One focus of the coalition, created after the tax credits were extended in February, involves working with governors, state policymakers, industry representatives and other stakeholders to further carbon capture infrastructure and storage projects around the country.
Gov. Matt Mead, R-Wyo., recently sent a letter to other governors asking for their support promoting broad-scale development of regional infrastructure for carbon capture, CO2 pipelines, enhanced oil recovery and forms of geologic CO2 storage.
"The 45Q tax credit has passed and Congress is considering major infrastructure legislation," he said. "Tangible regional plans and partnerships would allow our states to work together on carbon management infrastructure."

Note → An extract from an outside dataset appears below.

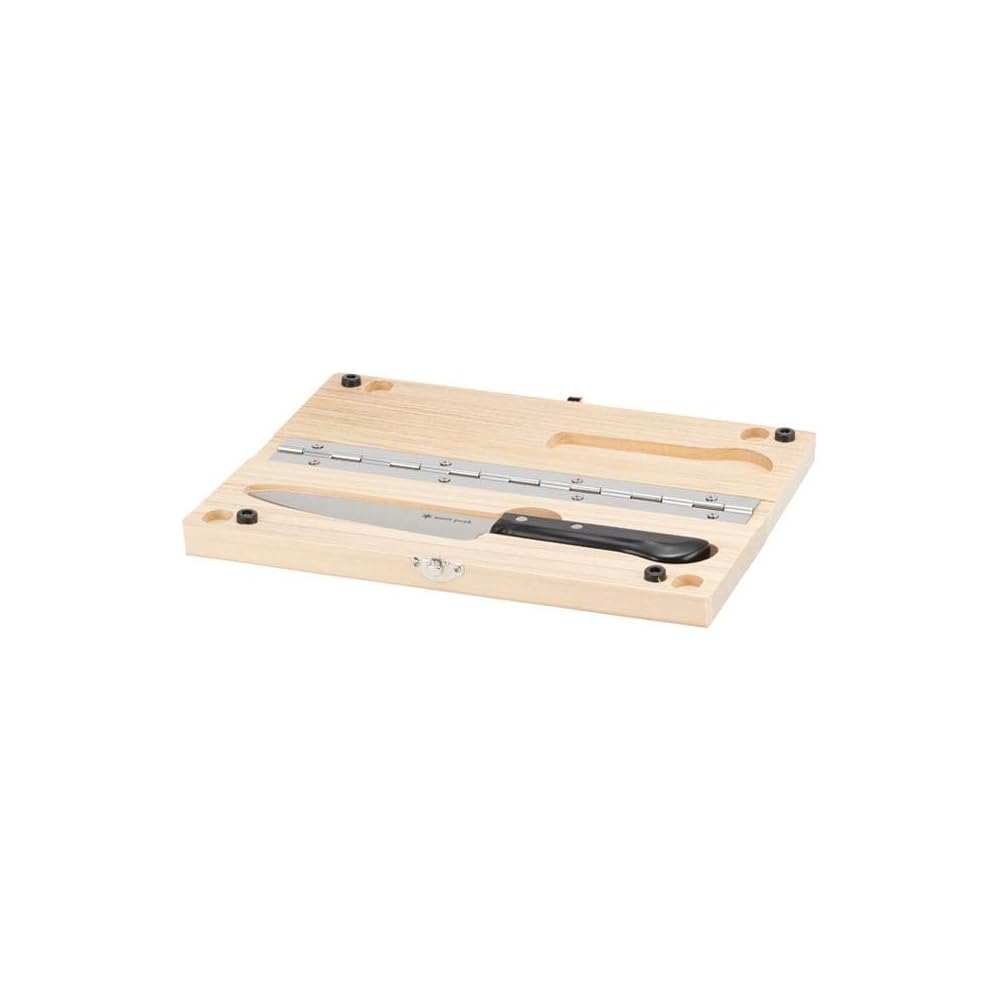 Snow Peak Cutting Board Set M CS207: Cutting board set with knife included, foldable cooking utensils.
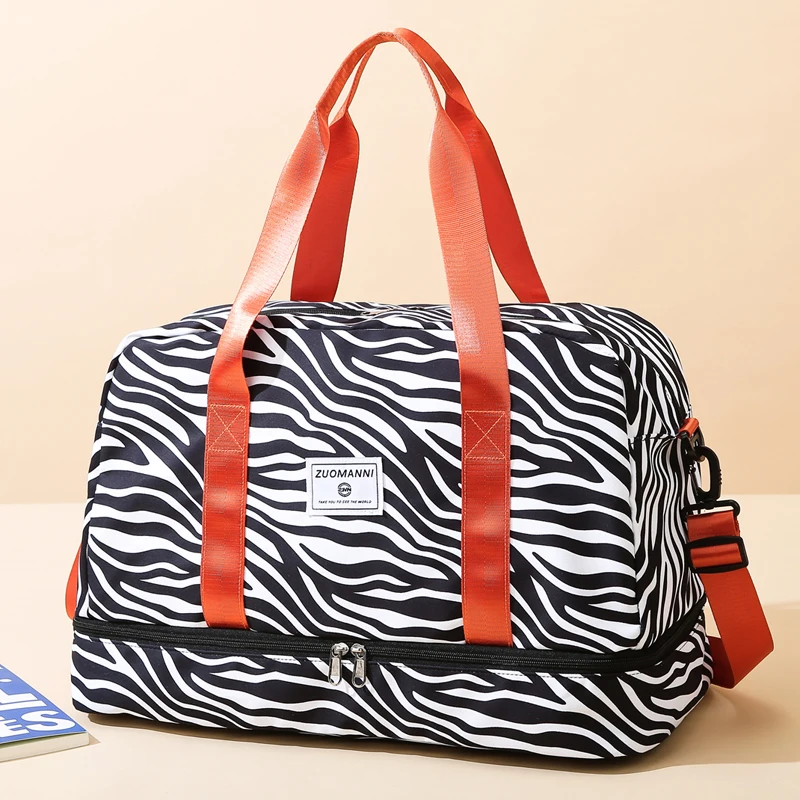 大容量ナイロン製トラベルダッフルバッグ、アニマルプリントスポーツジム収納バッグ、ポータブル女性用ウィークエンダーオーバーナイトバッグ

Crabtree told S&P Global Market Intelligence at the event that NEORI, a multistate group put together by Mead and Gov. Steve Bullock, D-Mont., will be forming regional initiatives to analyze potential pipeline options and identify the most important projects that would benefit from 45Q.
Roger Ballentine, an owner of NET Power LLC, said at the event that lack of infrastructure is the biggest stumbling block for carbon capture and storage, or CCS, projects.
"Once there's a business case for these things, that's why they are going to happen," he said.
Approving pipelines with larger capacity than immediately necessary in some areas would provide a specific cost benefit to encourage future projects. If a pipeline is built to store CO2 captured from an ethanol plant, for example, leaving extra capacity in the infrastructure to handle CO2 captured from future CCS retrofits on nearby power plants or industrial sources could help bring down the costs for those projects.
"It would be really valuable if those first pipelines are built with extra capacity," Crabtree said. "Then a coal plant, once it's retrofitted, can plug into existing infrastructure. We don't see these things as competitive at all; it's really about building out a system."
He said the coalition wants to make sure CO2 pipelines are part of the current discussion on national infrastructure policy and is seeking federal and state incentives that would give CCS technology the same kind of competitive edge that renewable energy enjoys.
Other federal incentives that could help CCS development include private activity bonds a form of tax-exempt bond that provides special financing benefits for projects, a spokesperson for the Center for Climate and Energy Solutions said.
Sens. Rob Portman, R-Ohio, and Michael Bennet, D-Colo., introduced a bill in April 2017 that would make CCS projects eligible for the bonds.